Don't you have this in reverse? False negatives will just result in
userspace not having useful extra information for the -EFAULT it
receives from KVM_RUN, in which case userspace can do what you
mentioned all VMMs do today and just terminate the VM. Whereas a false
positive might cause a double-write to the KVM_RUN struct, either
putting incorrect information in kvm_run.memory_fault or corrupting
another member of the union.

> > That in turn looks problematic for the
> > memory-fault-exit-on-fast-gup-failure part of this series, because
> > there are at least a couple of cases for which kvm_mmu_do_page_fault
> > will -EFAULT. One is the early-efault-on-fast-gup-failure case which
> > was the original purpose of this series.
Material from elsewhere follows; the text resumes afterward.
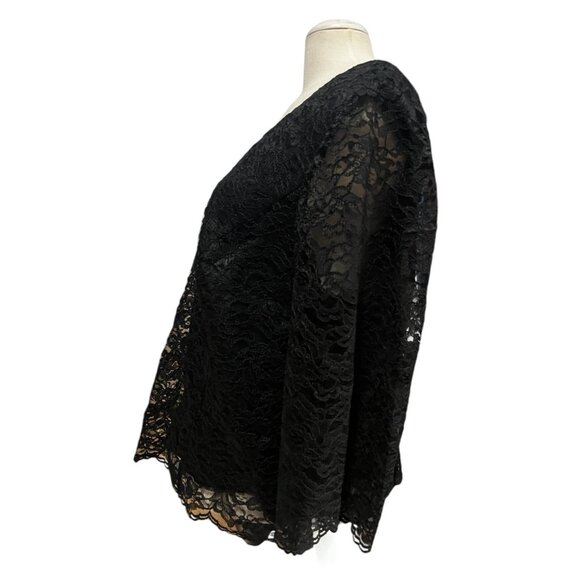 Maggy London Vintage NWT V Neck and Back Lace Career Blouse Sz 22 W Plus Womens - Picture 6 of 13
Another is a -EFAULT from
> > FNAME(fetch) (passed up through FNAME(page_fault)). There might be
> > other cases as well. But unless userspace can/should resolve *all*
> > such -EFAULTs in the same manner, a kvm_run.memory_fault populated in
> > "kvm_mmu_page_fault" wouldn't be actionable.
>
> Killing the VM, which is what all VMMs do today in response to -EFAULT, is an
> action.  As I've pointed out elsewhere in this thread, userspace needs to be able
> to identify "faults" that it (userspace) can resolve without a hint from KVM.
>
> In other words, KVM is still returning -EFAULT (or a variant thereof), the _only_
> difference, for all intents and purposes, is that userspace is given a bit more
> information about the source of the -EFAULT.
>
> > At least, not without a whole lot of plumbing code to make it so.
>
> Plumbing where?

In this example, I meant plumbing code to get a
kvm_run.memory_fault.flags which is more specific than (eg)
MEMFAULT_REASON_PAGE_FAULT_FAILURE from the -EFAULT paths under
kvm_mmu_page_fault. My idea for how userspace would distinguish
fast-gup failures was that kvm_faultin_pfn would set a special bit in
kvm_run.memory_fault.flags to indicate its failure. But (still
assuming that we shouldn't have false-positive kvm_run.memory_fault
fills) if the memory_fault can only be populated from
kvm_mmu_page_fault then either failures from FNAME(page_fault) and
kvm_faultin_pfn will be indistinguishable to userspace, or those
functions will need to plumb more specific exit reasons all the way up
to kvm_mmu_page_fault.

But, since you've made this point elsewhere, my guess is that your
answer is that it's actually userspace's job to detect the "specific"
reason for the fault and resolve it.